The Alliance for Solar Choice (TASC) submitted a letter on July 2 to the Arizona Corporation Commission that discusses the subsidy provided to Arizona Public Service and its customers by ratepayers who invest their private capital in solar installations.
Their argument is that customers with rooftop solar systems are not fairly compensated for the many benefits these systems provide to the grid, including avoided costs for conventional power generation and new power plants, reduced investments in transmission and distribution infrastructure, and avoided costs associated with meeting renewable energy requirements.
A Crossborder Energy study presented during APS’s technical conference in May shows that rooftop solar will provide over $34 million per year in uncompensated benefits to all of APS’s customers. The letter submitted by TASC calls on the Commission, which regulates APS, to address this cross subsidy currently embedded in the rate structure.
To rectify this inequity, TASC believes that a “system-benefit credit” should be allocated to each solar customer in addition to the retail rate credits that net-metering customer-generators receive.
“A capacity-based or energy-based credit fits within APS’s existing tariff framework for residential and commercial customers,”TASC said in its letter. “Regardless of which type of credit is used, the Commission and APS can integrate the credit into current rate structures without novel concepts or methodologies.”

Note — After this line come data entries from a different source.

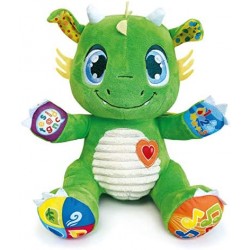 Clementoni- Dragon Interactive Plush-Peluche educativo Suoni e luci (Versione in Italiano), 6 Mesi+, 17392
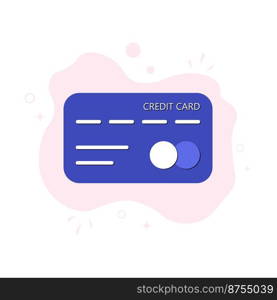 Credit card vector icon isolated on white background.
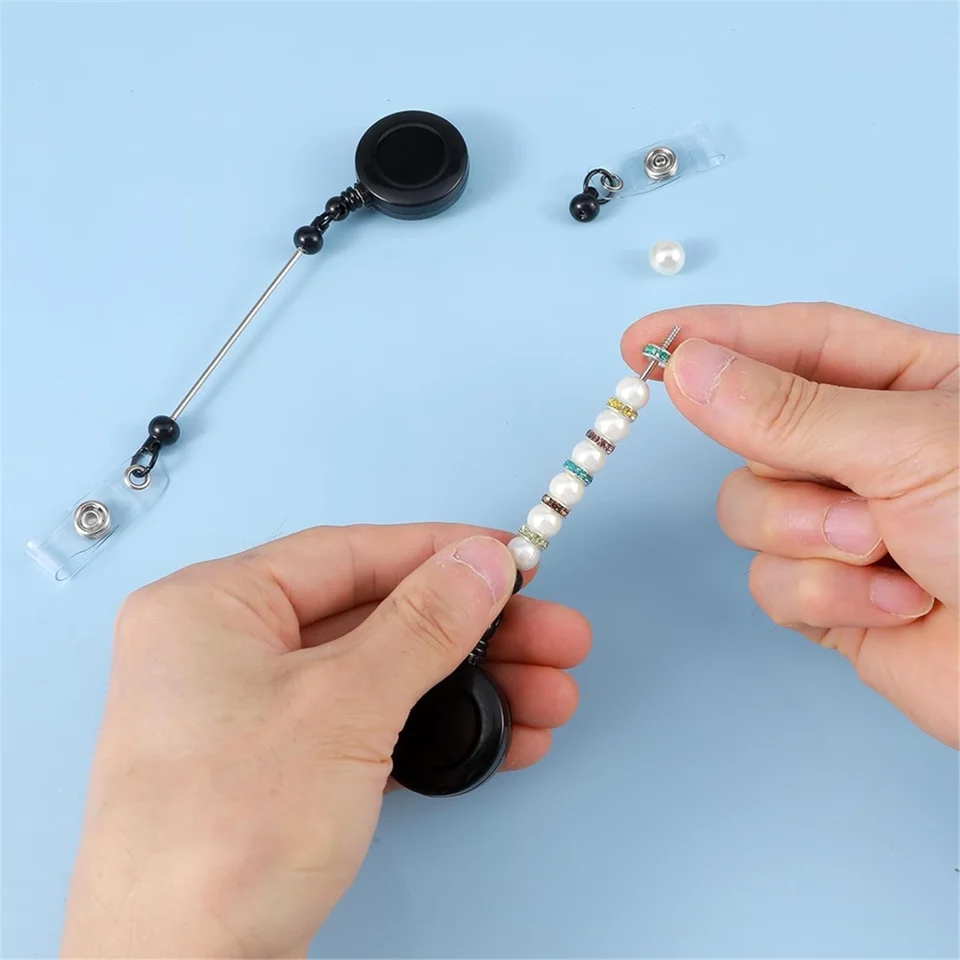 비즈 배지 릴, 클립 포함 빈 ID 배지 릴, 블랙 이름 배지 거치대, 교사 간호사 사무용품 DIY, 6 개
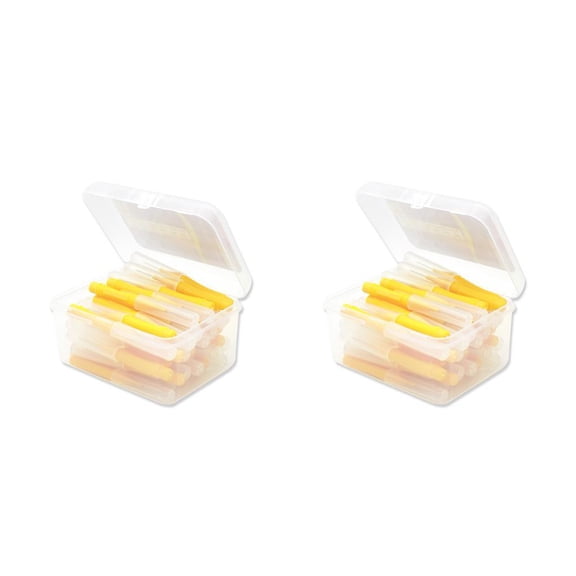 Vogacara 40 Uds. Cepillo interdental flexible Push-Pull cepillos de de plástico herramienta de higiene bucal de mano viaje doméstico amarillo Amarillo 0.4 mm 2piezas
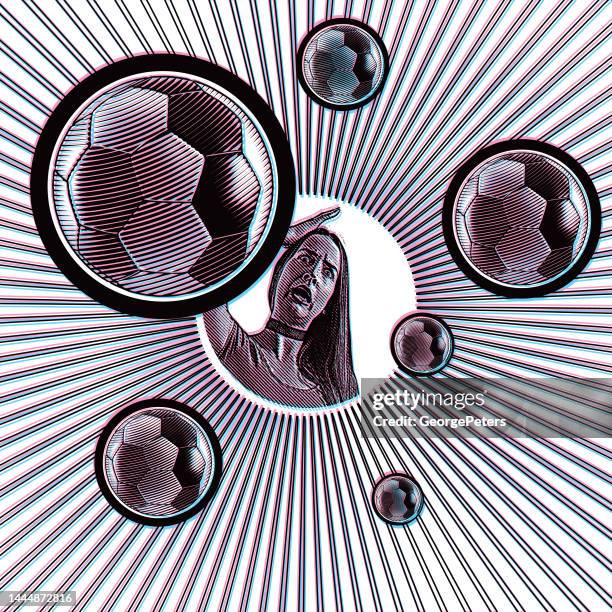 female soccer fan with a shocked expression and glitch technique - woman-watching-football-clip-art stock illustrations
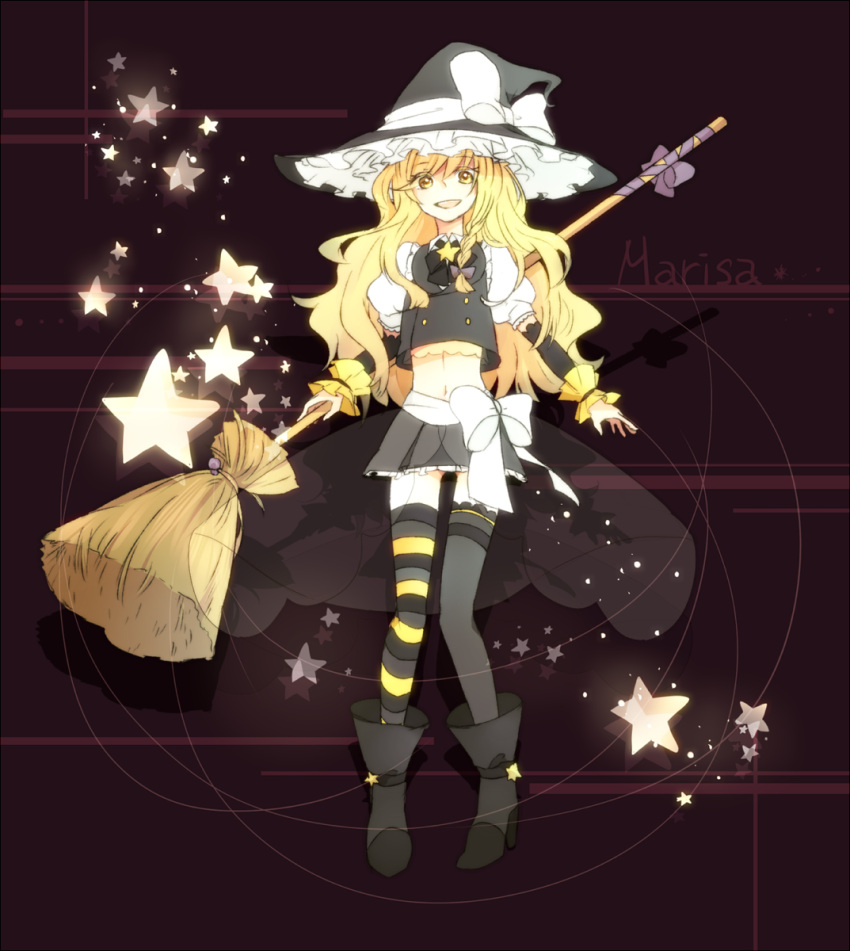adapted_costume bad_id black_legwear blonde_hair boots broom character_name detached_sleeves hat high_heels highres kirisame_marisa long_hair looking_at_viewer midriff miniskirt mismatched_legwear navel puffy_sleeves shoes skirt smile sofy solo star striped striped_legwear thigh-highs thighhighs touhou witch witch_hat wrist_cuffs yellow_eyes zettai_ryouiki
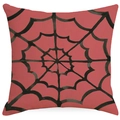 Halloween pillowcase featuring a black spider web pattern on a vibrant red background - Red Background Black Spider Web Pattern
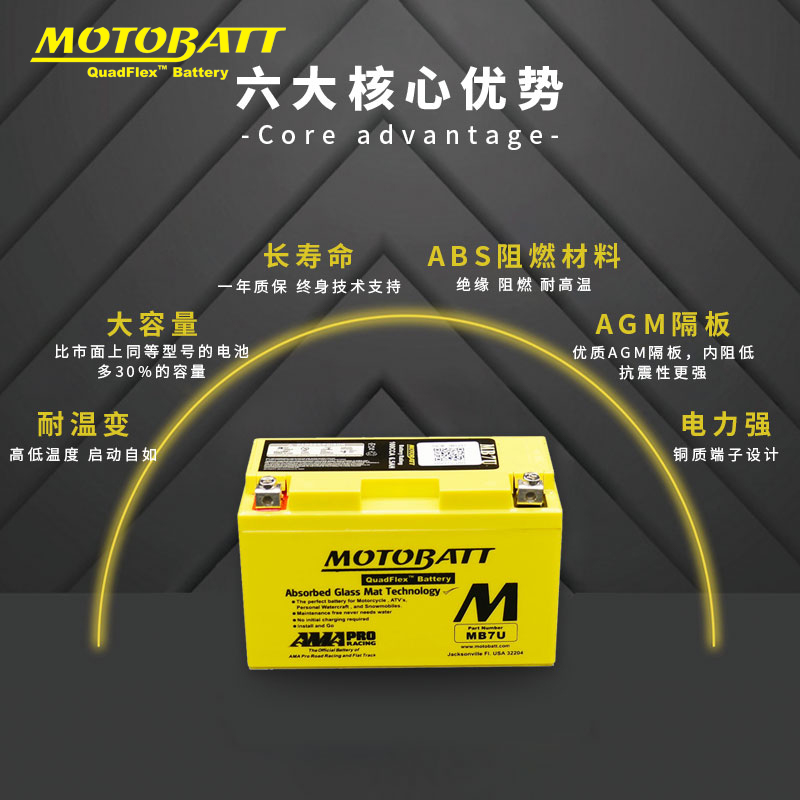 MOTOBATT杜卡迪超跑雅马哈TTR250 FORCE155凯旋675摩托车电瓶电池 - 图1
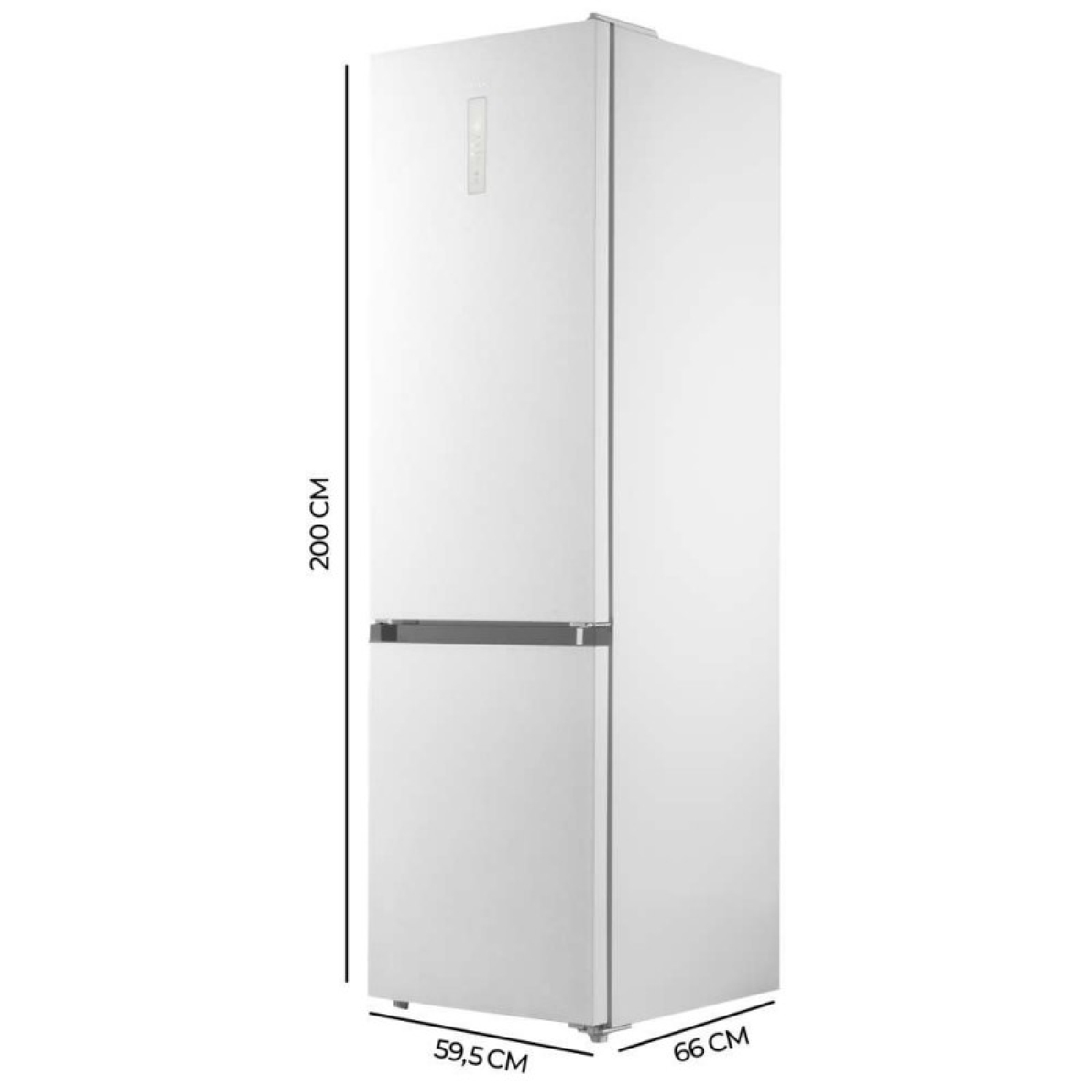 Frigorifero bianco con dimensioni 200cm A, 66cm L, 59,5cm P.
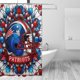 thumbnail image 3 of Cortina de ducha impermeable de secado rápido para baño Patriots, cortina de ducha con ganchos, decoración de fútbol americano, juego de cortinas de ducha para baño, plancha de 72 x 72 pulgadas, 3 of 8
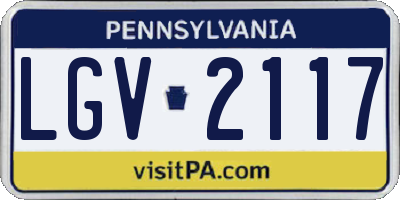 PA license plate LGV2117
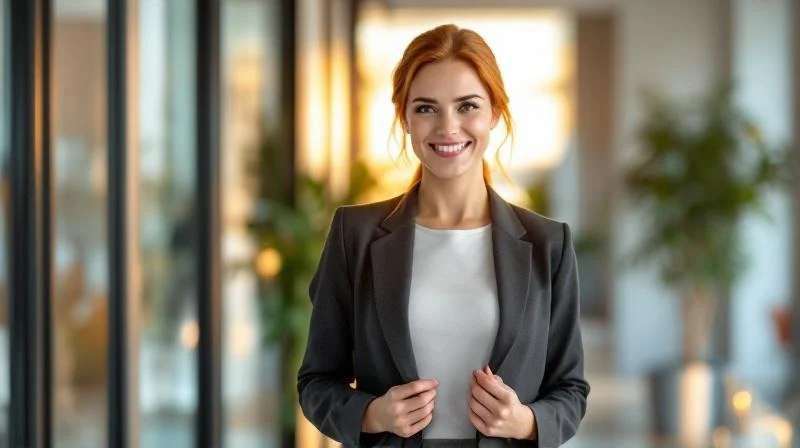 Frau haelt stolz ein IHK-Zeugnis in den Haenden in einem Buero in Mainz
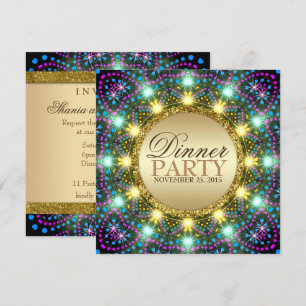 Convite Luzes Boêmias Cores Douradas Brilhantes
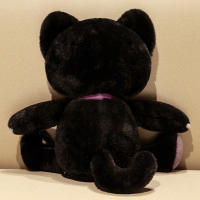 Muñeco De Peluche Gato Esqueleto Negro Kawaii Creativo Animal De Peluche Cojín Gótico Para Niños Regalos De Halloween Tamaño 40cm Relleno De Algodón PP - details 8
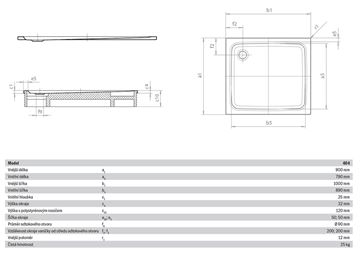 KALDEWEI SUPERPLAN 404-1 sprchová vanička 90x100 cm, smaltovaná ocel, bez nosiče, Perl Effekt 430400013001 Technický nákres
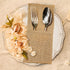 FQTANJU 50 Pcs Burlap Utensils Holders, 4"x8.8" Natural Jute Cutlery Pouch for Rustic Wedding Party Decorations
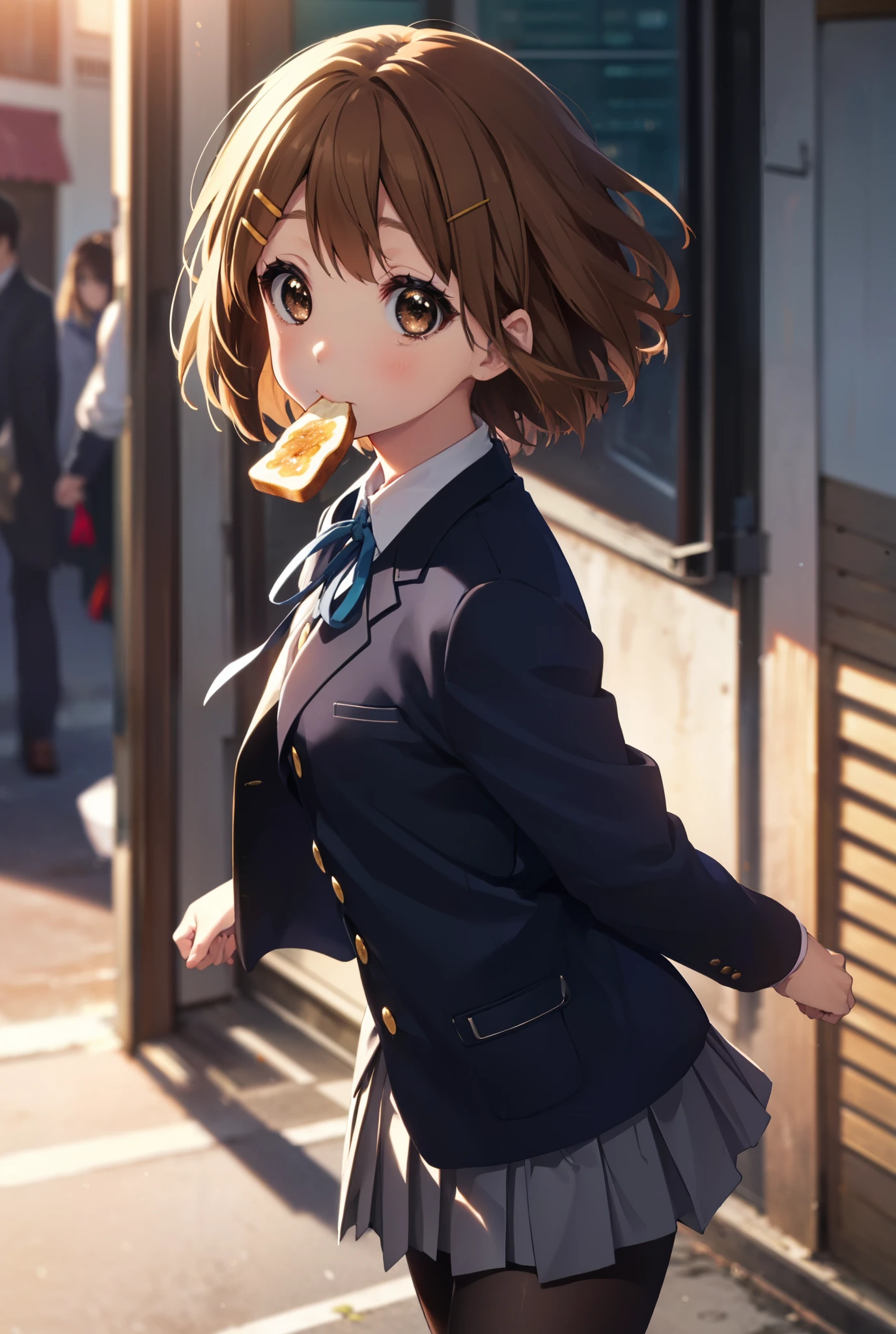 yuihirasawa, yui hirasawa, short hair, brown hair, hair ornaments, (brown eyes:1.5), hair clip,
break sakuragaoka high school uniform, school uniform, uniform, blazer, shirt, white shirt, collared shirt, skirt, pleated skirt,black pantyhose,brown loafers,toast in your mouth, running, city street,morning,morning日,The sun is rising,
break outdoors, residential street,
break looking at viewer, (cowboy shot:1.5),
break (masterpiece:1.2), highest quality, High resolution, unity 8k wallpaper, (figure:0.8), (detailed and beautiful eyes:1.6), highly detailed face, perfect lighting, Very detailed CG, (perfect hands, perfect anatomy),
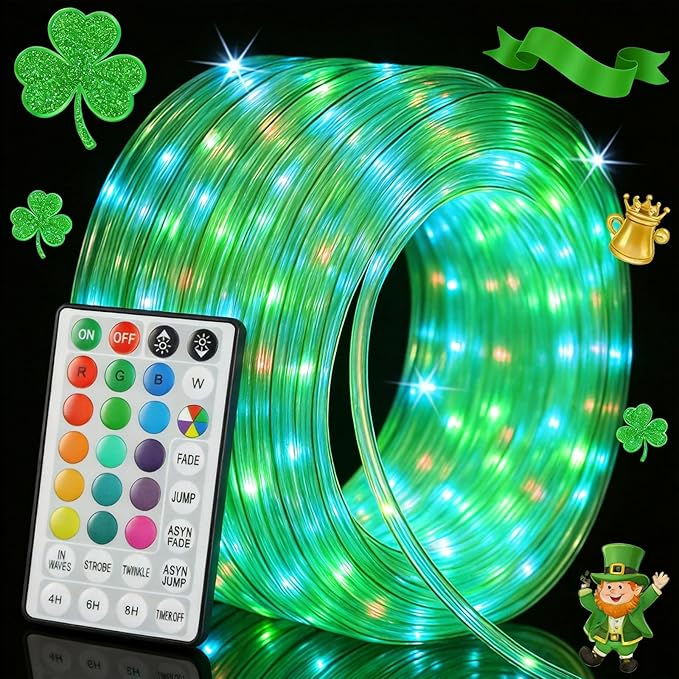 132Ft Green Rope Lights Outdoor Waterproof, 400 LED Color Changing Plug in String Lights with Remote for St. Patrick's Day, Pubs, Garden, Patio Decorations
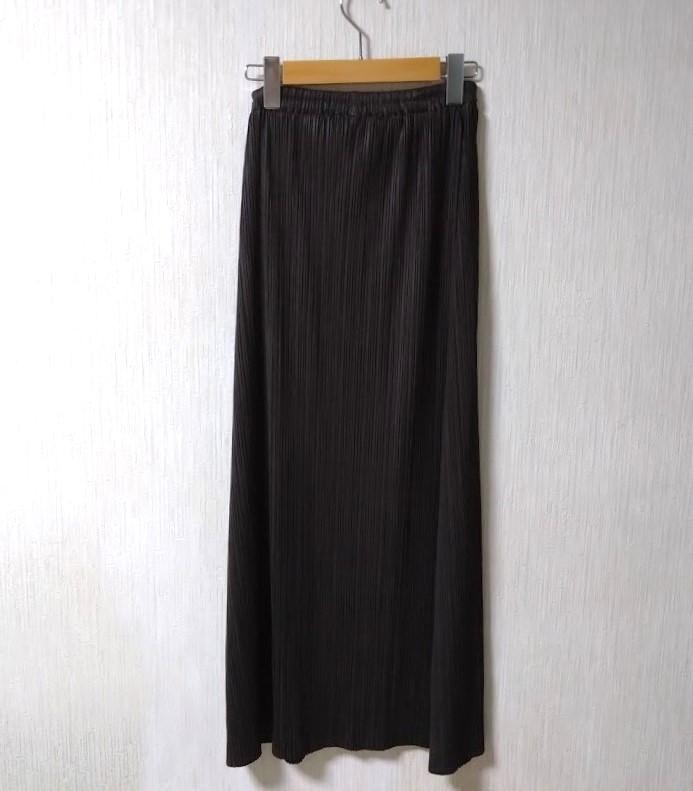 全商品オープニング価格！ ①☆イッセイミヤケ 黒ロング PLEASEプリーツプリーズ PLEATS スカート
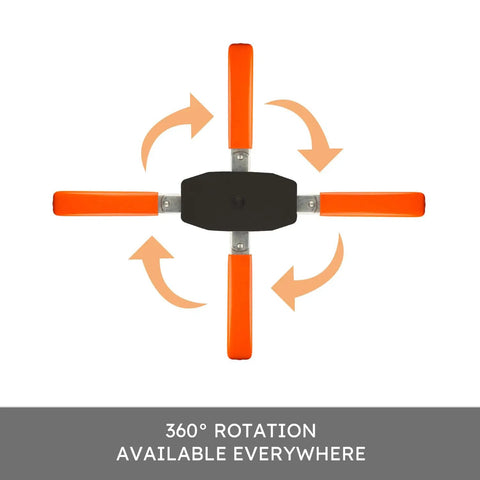 Top view of Ratcheting Brake Caliper Tool 4 In 1 Piston Compression Tool with 360 Degree Swivel arms and directional arrows.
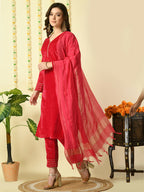 Myshka Women's Pink Velvet Kurta & Trousers With Dupatta Party Sets | Grocsy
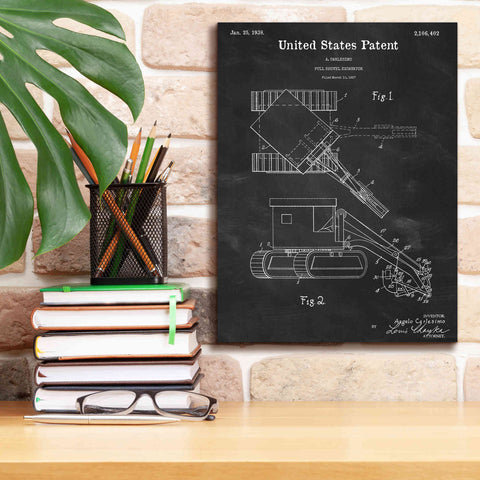 Image of 'Pull Shovel Excavator Blueprint Patent Chalkboard,' Canvas Wall Art,12 x 16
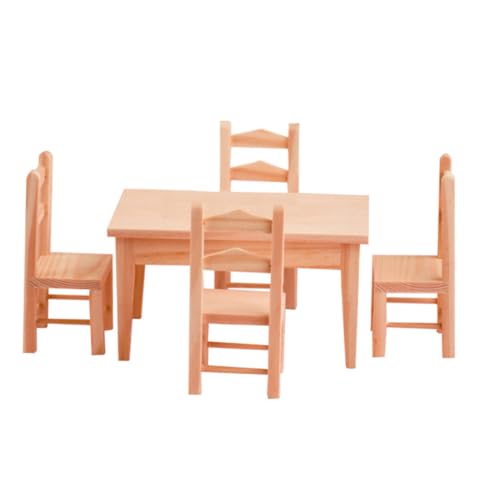 Toyvian Miniatur-Schreibtisch- Und Stuhlset Aus Holz – Dekoration Für Das Kinderspielzimmer Simulierte Miniaturmöbel Einfach Zusammenzubauen Tolles Für Die Kleinen von Toyvian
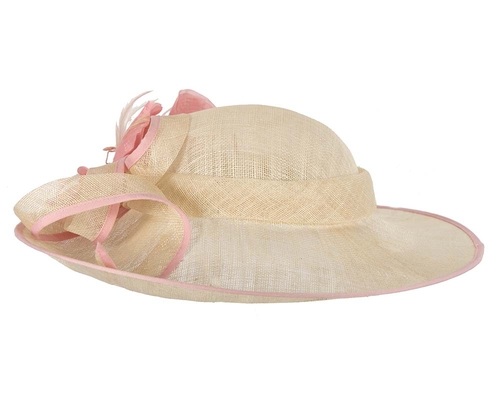 Large nude racing hat with pink flower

Based on comments from just several years ago, APS would presumably support the move. This 2009 report was commissioned by APS and praises distributed energy (DE). An excerpt follows:
The winning business case for solar DE in Arizona is a combination of hard, quantitative economic facts, such as the reduction of line losses, energy savings for customers, and reduced or deferred capital expenditures. But it also includes softer, qualitative benefits such as increased job opportunities for installers, a more sustainable environment, and as yet unquantifiable benefits that will likely become economic in the future, such as the value of carbon. The broader economic benefits would include improved worker productivity and a more robust solar DE manufacturing industry. To capture the benefits of a winning business case it will be important to regularly monitor and report on the progress being made, and to look for opportunities to remove barriers to the successful expansion of solar in the state. It is the removal of those barriers and the movement toward the tipping point – where solar is the norm – that will prove the programs have become mainstream and part of a new energy future. The state of Arizona has a particularly important role to play in the future of solar energy.
Net metering is the latest target by the monopoly utility APS to curtail competition and preserve profits in its territory. TASC’s letter alleges APS wants the Arizona Corporation Commission to change the rules so the utility can take homeowners’ excess solar energy without providing customers full value for the power, all the while maintaining its monopoly status.
A possible cause for APS’s push to curtail net metering is a recent report by the Edison Electric Institute highlighting rooftop solar as a disruptive threat to utility business-as-usual.